***** DATA SHOWN
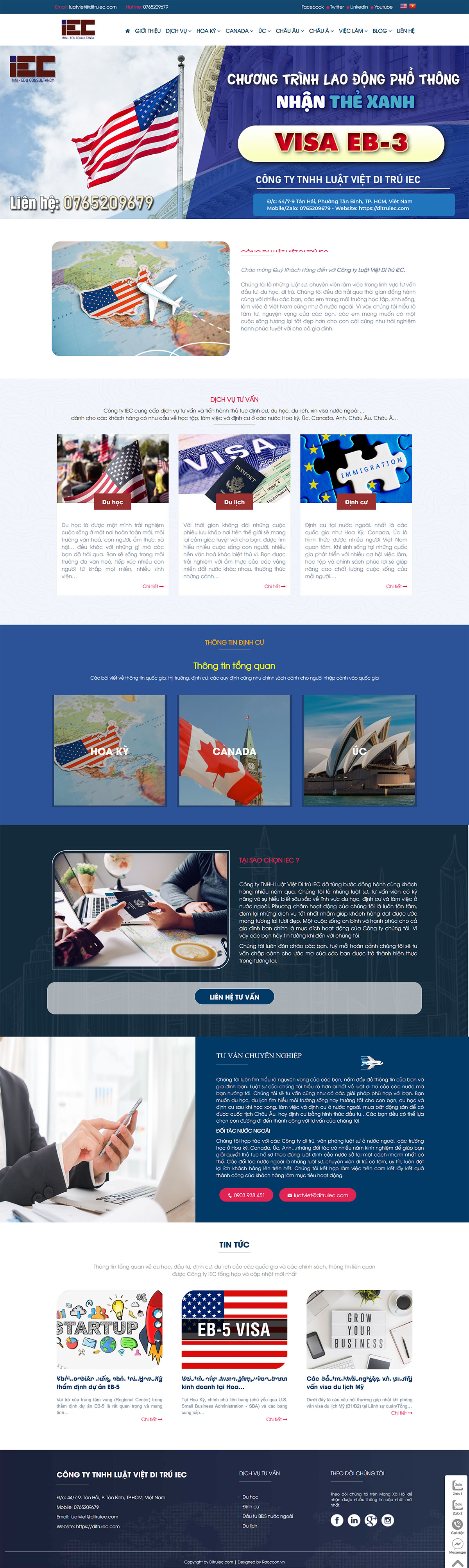 Tư vấn định cư EB3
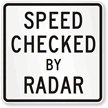 Speed-Checked-By-Radar-Sign-K-8160.gif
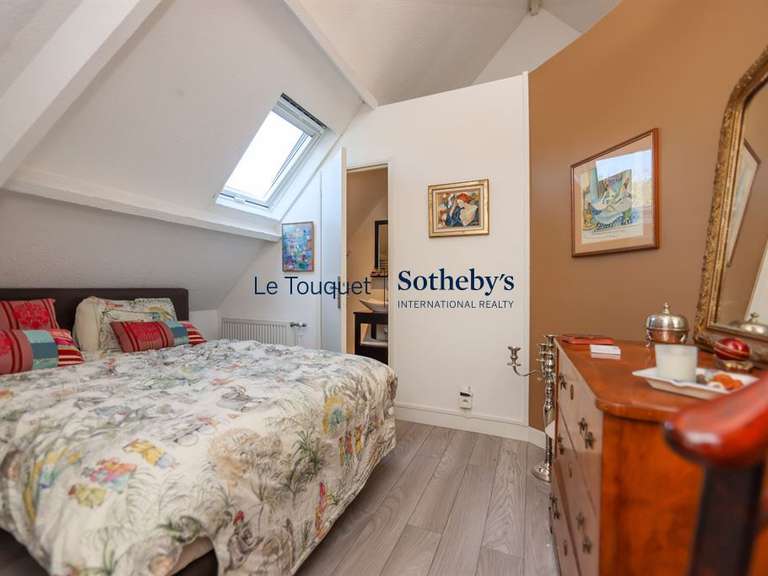 Maison Le Touquet-Paris-Plage - 5 chambres - 185m²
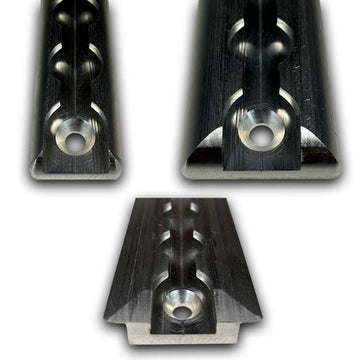 Custom L-Track With Rounded Ends image 0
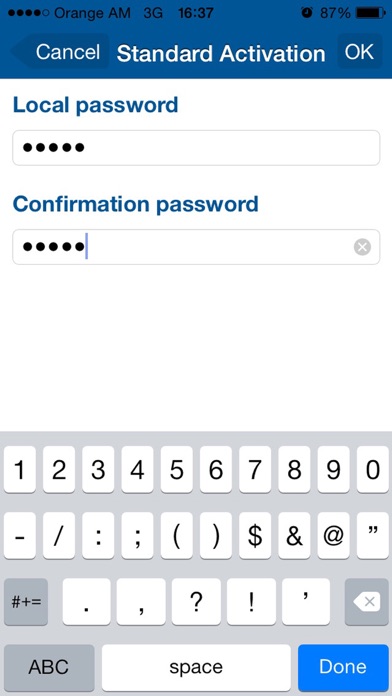 Screenshot #3 pour ArmSwiss Token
**********
● **GOAL OF THE EXERCISE**: Each record above is to be copied exactly. Drop the pictures.

● **YOUR SOLUTION**:
 Tư vấn định cư EB3
 Speed-Checked-By-Radar-Sign-K-8160.gif
 Maison Le Touquet-Paris-Plage - 5 chambres - 185m²
 Custom L-Track With Rounded Ends image 0
 Screenshot #3 pour ArmSwiss Token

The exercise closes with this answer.